■ **WORK REQUIRED**:
Return, with both end lines included, exactly what the data below holds from the line with "Сходка Mercedes-Benz zp. 4" through the line with "В Невинномысске заложили", though not the pictures.

■ **THE INPUT**:
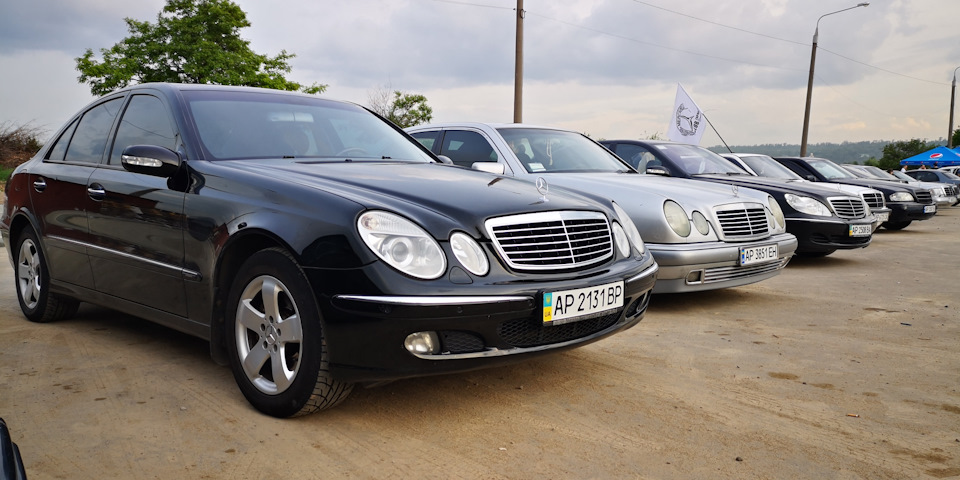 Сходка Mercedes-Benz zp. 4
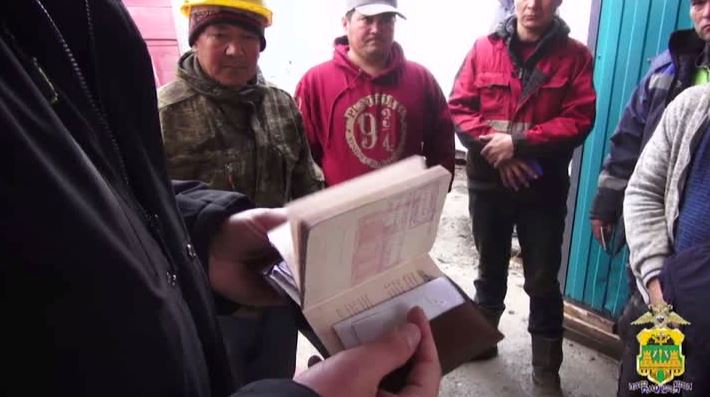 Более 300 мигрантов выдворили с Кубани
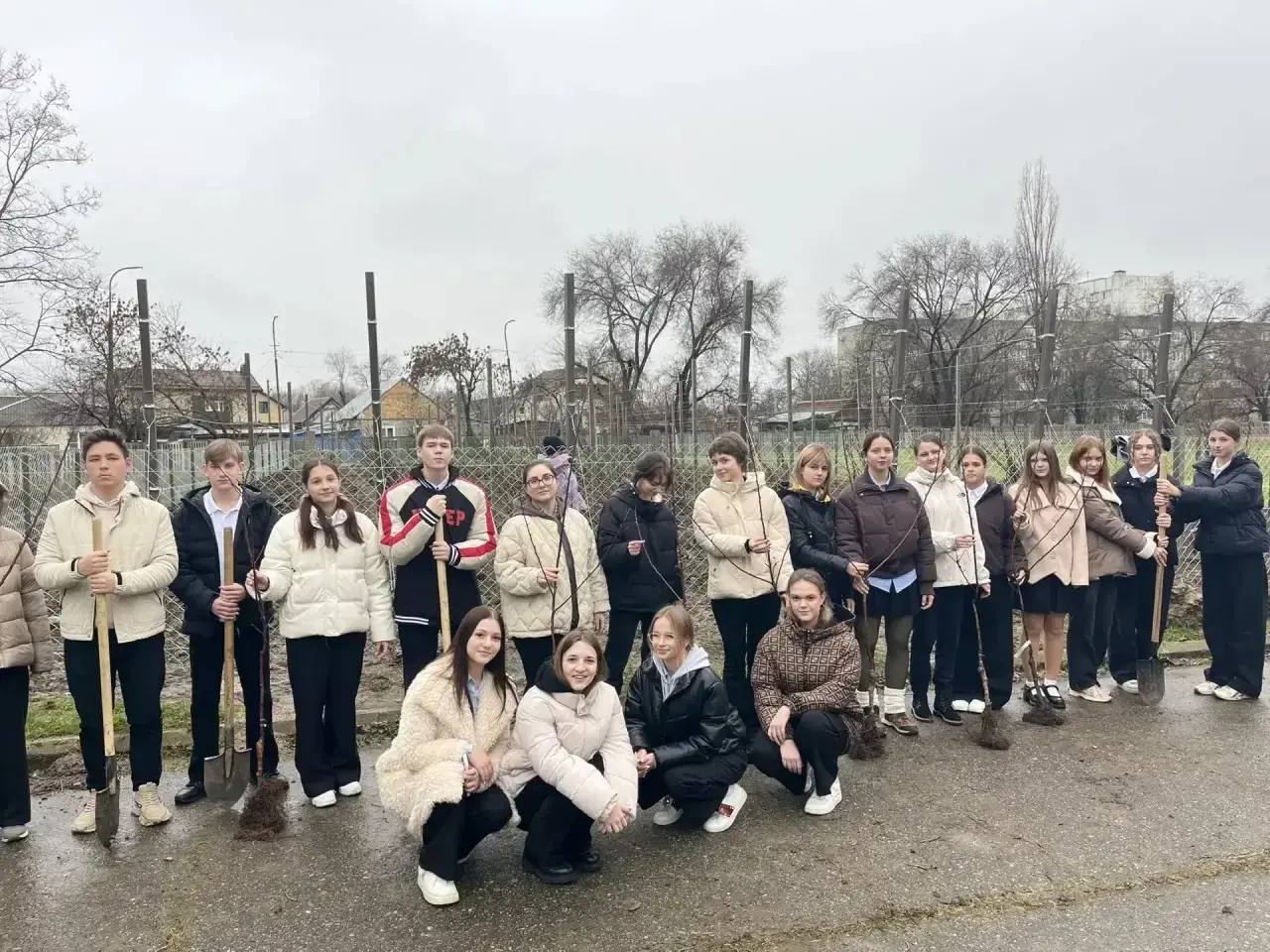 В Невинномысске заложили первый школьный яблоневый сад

---

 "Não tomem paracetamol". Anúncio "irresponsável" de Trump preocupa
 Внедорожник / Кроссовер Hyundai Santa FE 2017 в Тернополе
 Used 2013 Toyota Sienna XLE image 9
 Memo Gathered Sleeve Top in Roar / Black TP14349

■ **RESULT OF THIS EXERCISE**:
 Сходка Mercedes-Benz zp. 4
 Более 300 мигрантов выдворили с Кубани
 В Невинномысске заложили первый школьный яблоневый сад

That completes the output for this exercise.